*** Opening of Input data ***
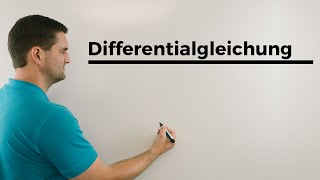 Differentialgleichung lösen linear inhomogen konstante Koeffizienten  Daniel Jung [upl. by Sej]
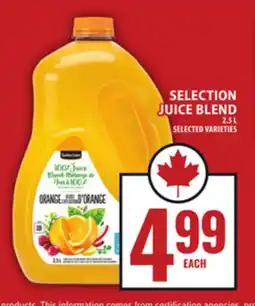 Food Basics SELECTION JUICE BLEND offer
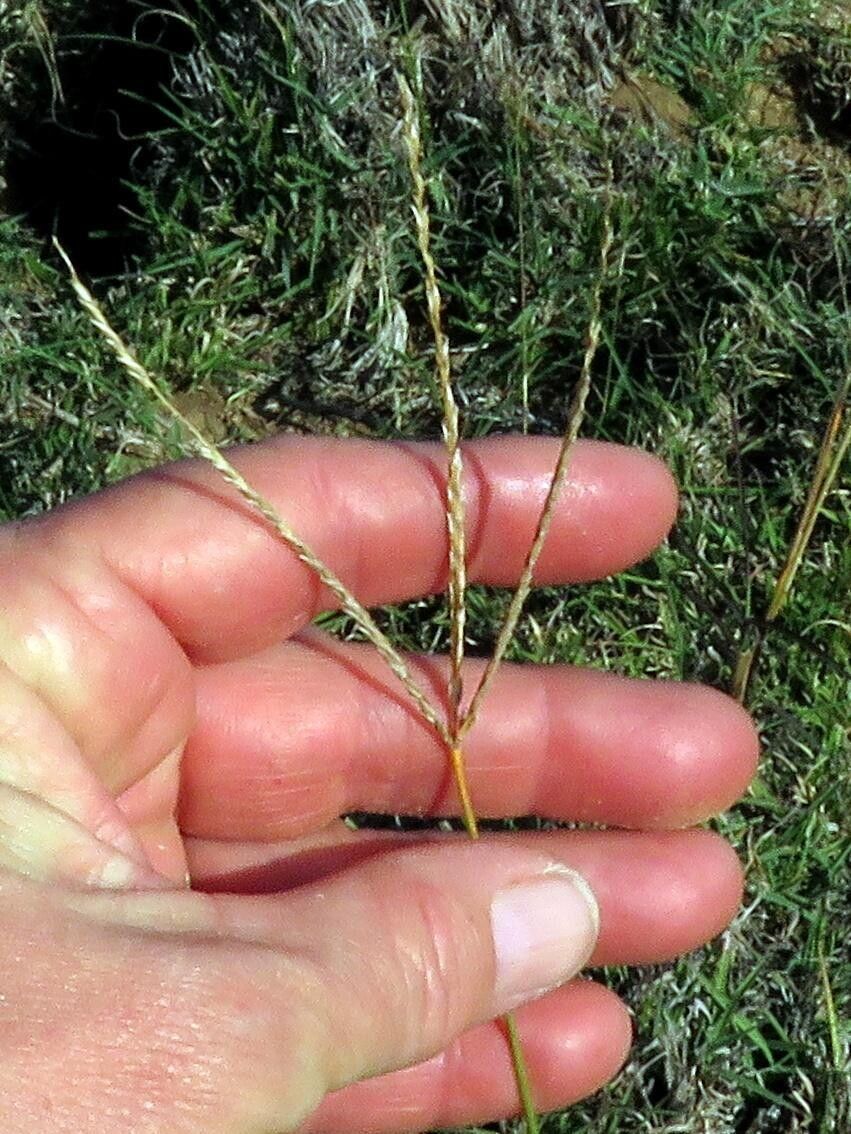 Digitaria ternata — houseplant care guide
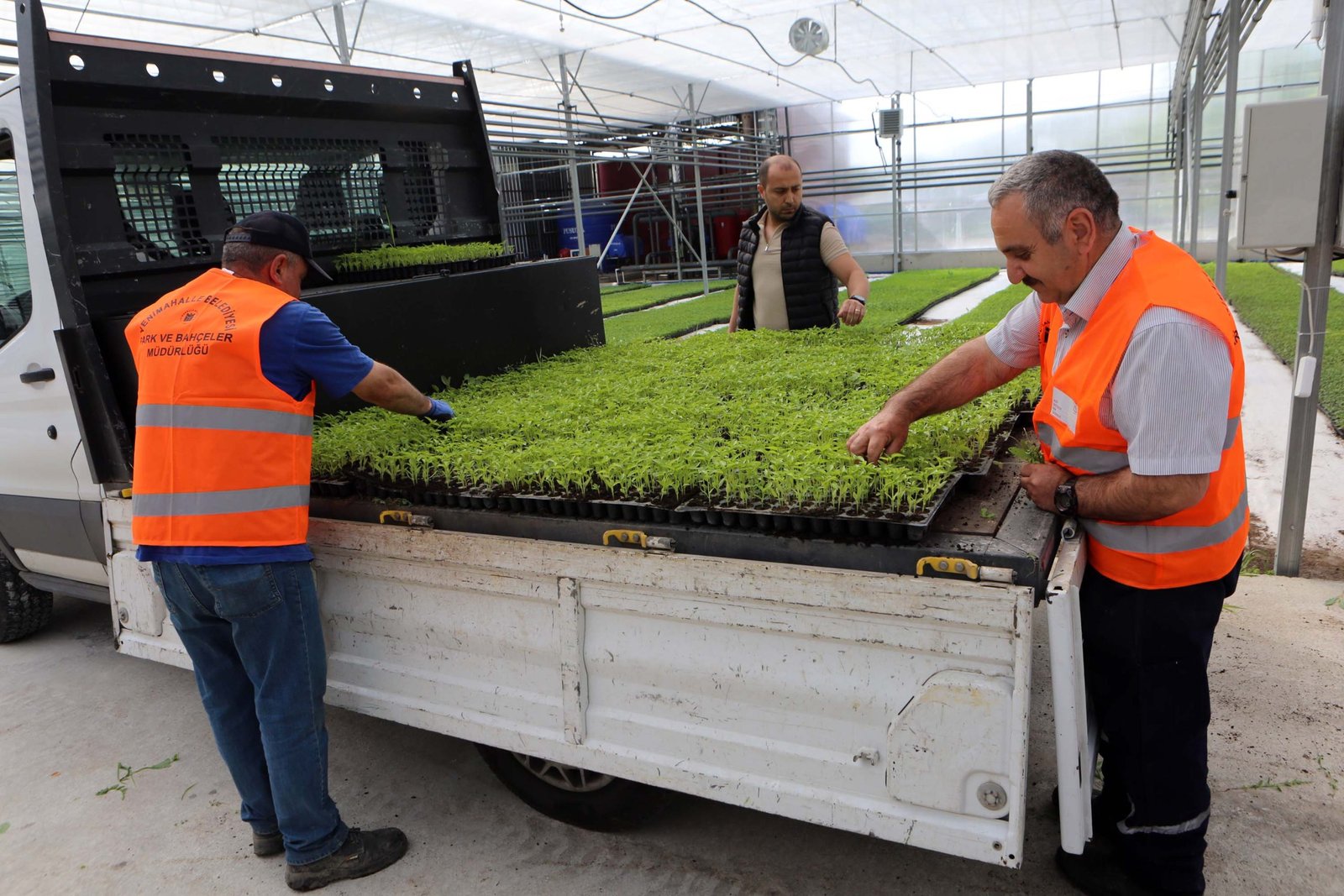 Yenimahalle Belediyesi, vatandaşlara 200 bin domates ve biber fidesi dağıttı.Birçok çiçeğin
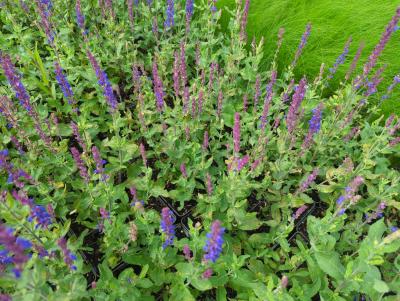 Bild von /bilder/bluehapp/thumb/salnt_Salvia_nemorosa___Tänzerin___P-6123547001_T-b_Y-24_K-30_52294_aktiv_.jpg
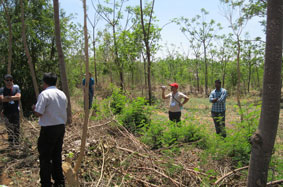 agroforestry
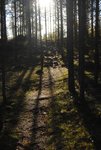 _DSC0296.JPG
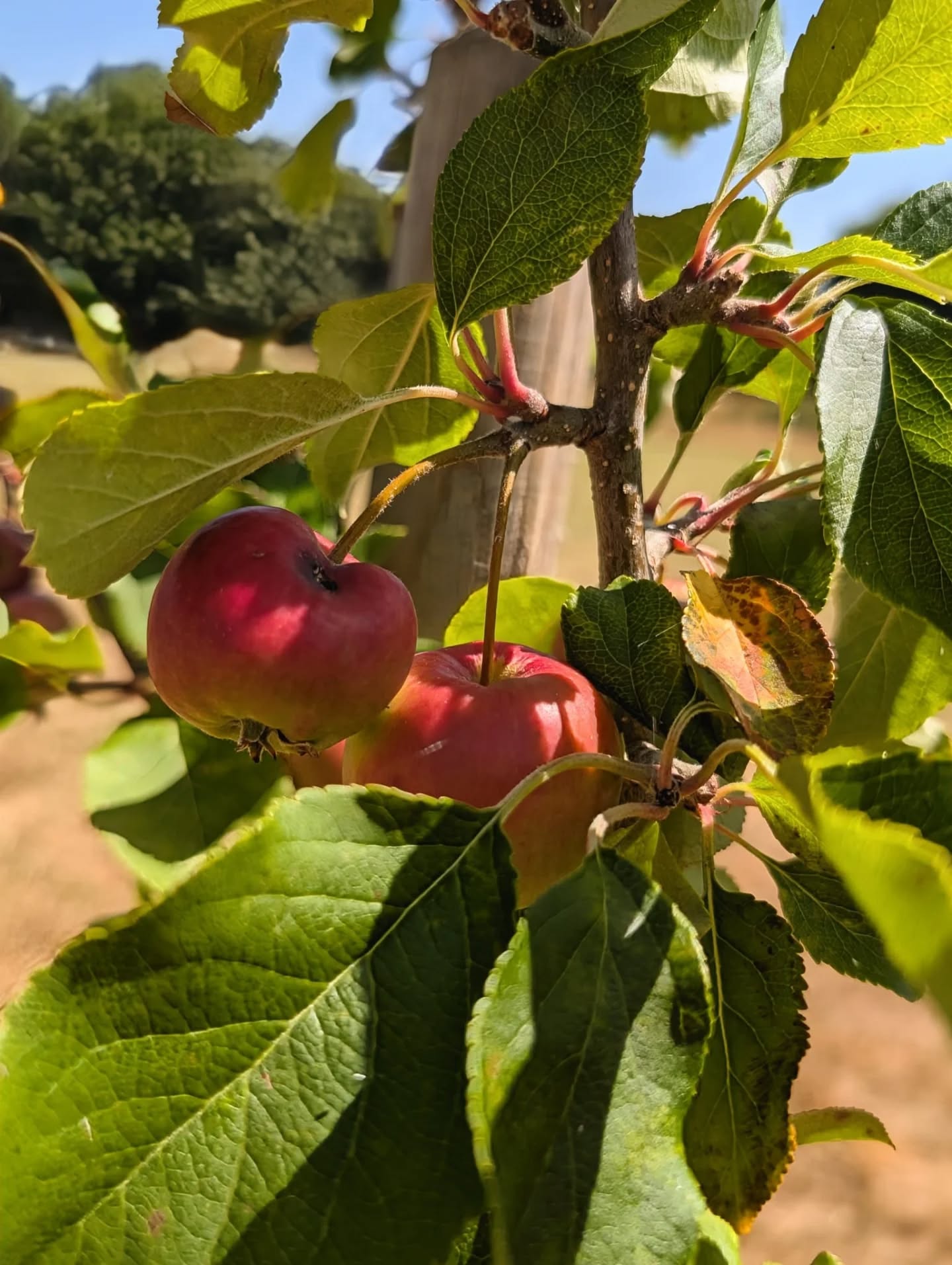 Whole Venue - 0212fff3-c221-45e5-8555-05172d36e417.jpg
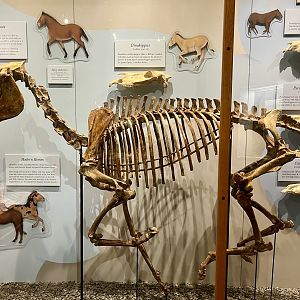 American Native Horse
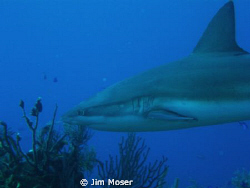 Caribbean Reef Shark off the coast of Belize at Silver Ca... by Jim Moser 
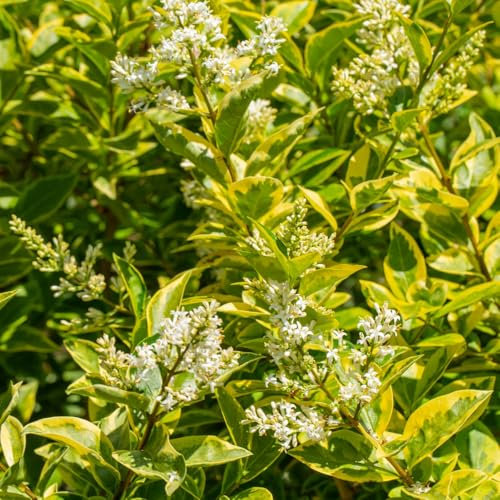 Hedge Golden Privet (Ligustrum Aureum) Vibrant Evergreen Foliage Easy to Grow Ideal for Sun or Shade 1x 10 Litre Pot by Thompson and Morgan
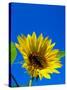 Sunflower in Blue Sky, Seattle, Washington, USA-Terry Eggers-Stretched Canvas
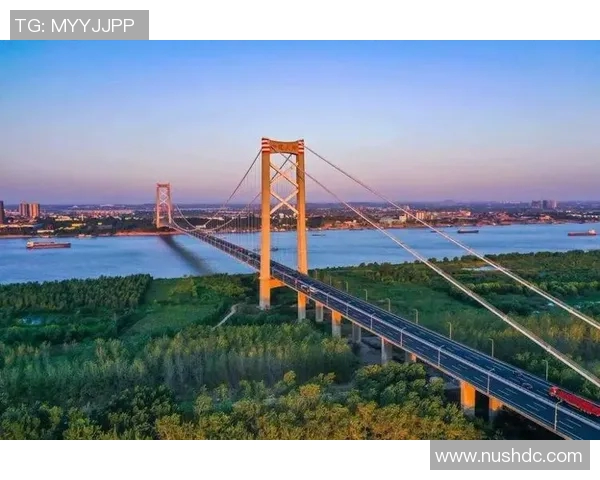 南京网球队状态对比深度解析近期表现与未来潜力的全面评估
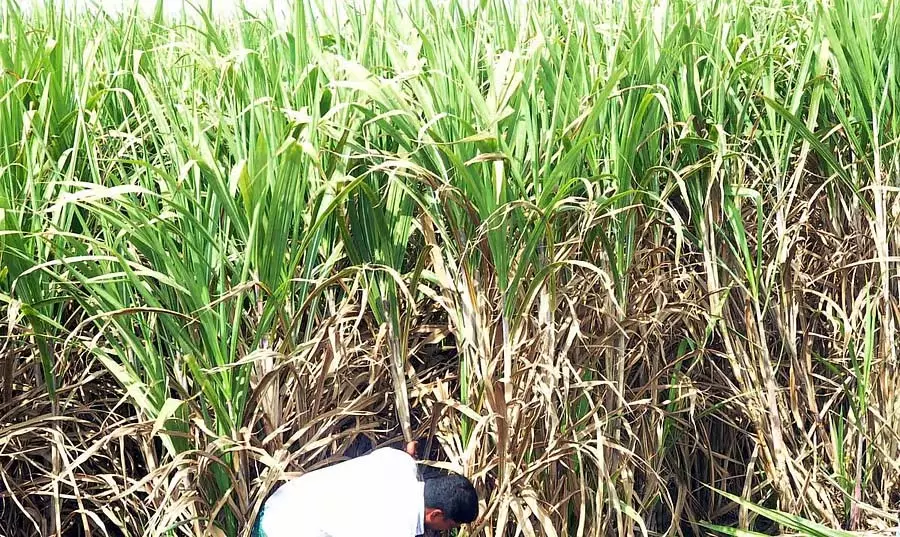 Karnataka : हरिद्रा तीर्थ पुष्करणी की सफाई का काम शुरू हो गया है Karnataka : हरिद्रा तीर्थ पुष्करणी की सफाई का काम शुरू हो गया है
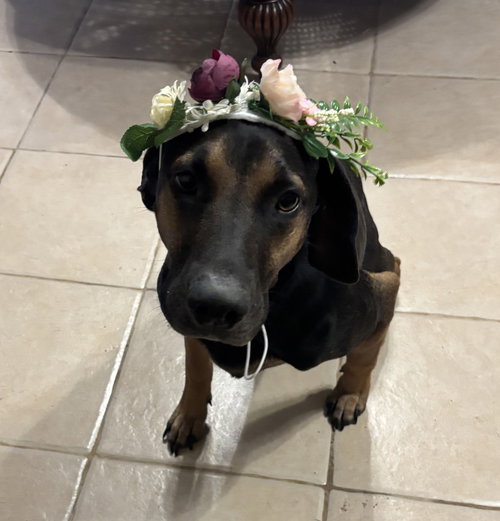 MONTANA - Labrador Retriever / Black and Tan Coonhound available for adoption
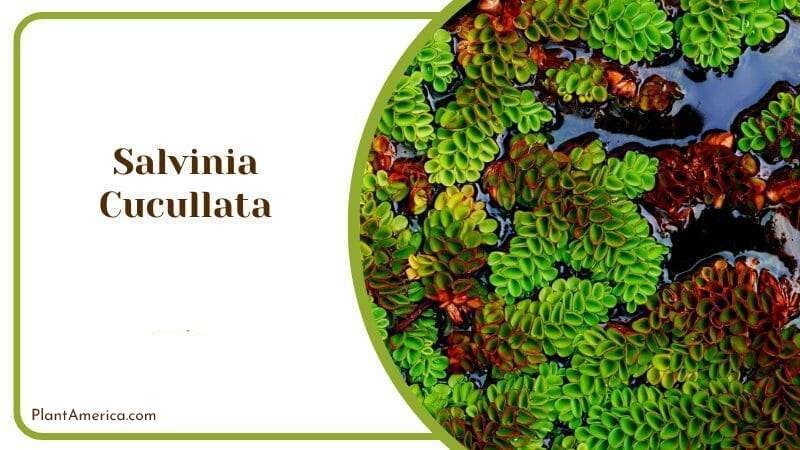 Salvinia Cucullata Plants that Float and Filter the Water Plant America Salvinia Cucullata Plants that Float and Filter the Water Plant America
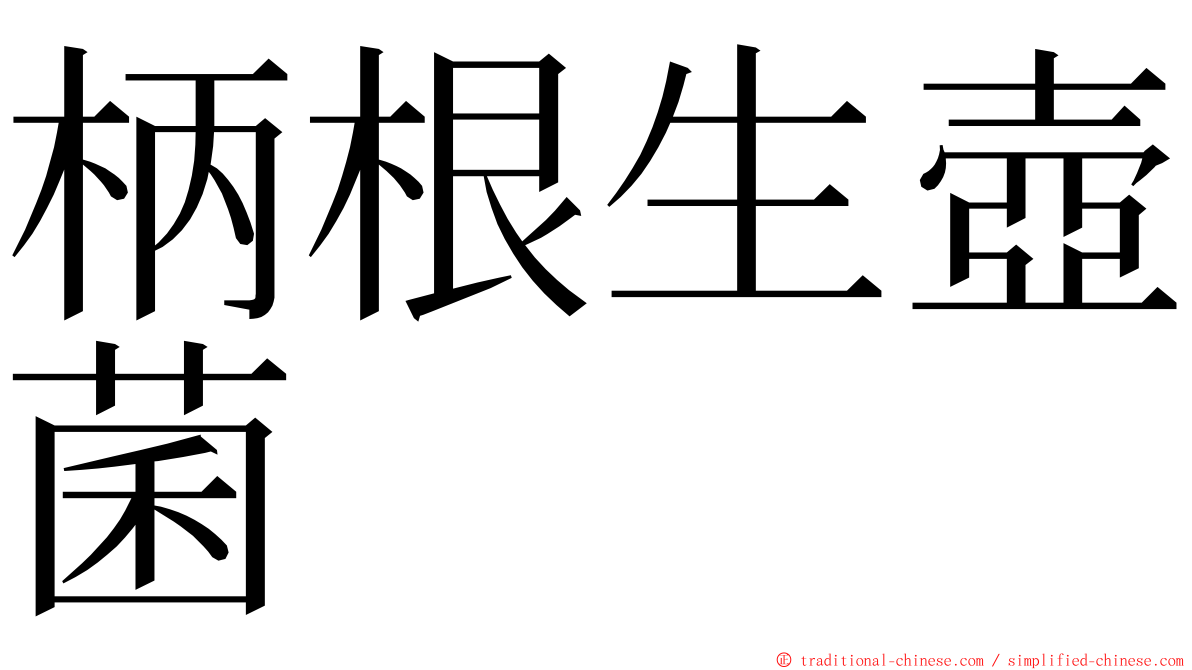 柄根生壺菌 ming font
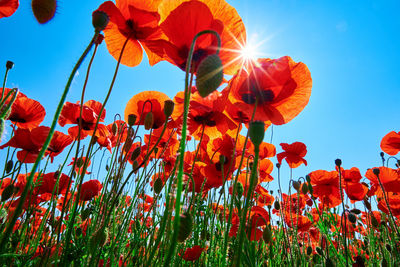 Landscape with blooming poppy flowers against blue sky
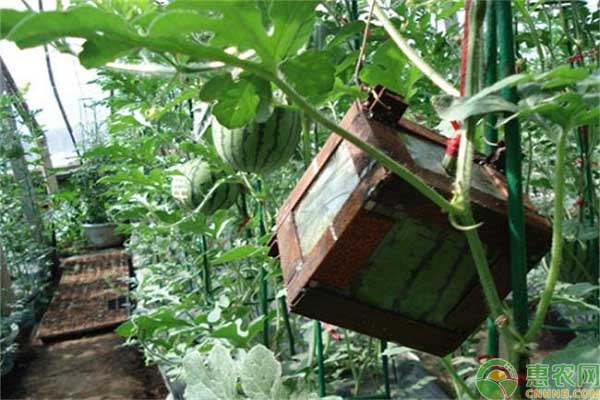 方形西瓜是怎么種植的？方形西瓜種植技術(shù)-圖片版權(quán)歸惠農(nóng)網(wǎng)所有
*** Close of Input data ***
* Exercise
Nothing but the lines from the one containing "Landscape with blooming" through the final line of the records, both included and copied exactly, should appear in the answer; pictures stay out.

* Response area
 Landscape with blooming poppy flowers against blue sky
 方形西瓜是怎么種植的？方形西瓜種植技術(shù)-圖片版權(quán)歸惠農(nóng)網(wǎng)所有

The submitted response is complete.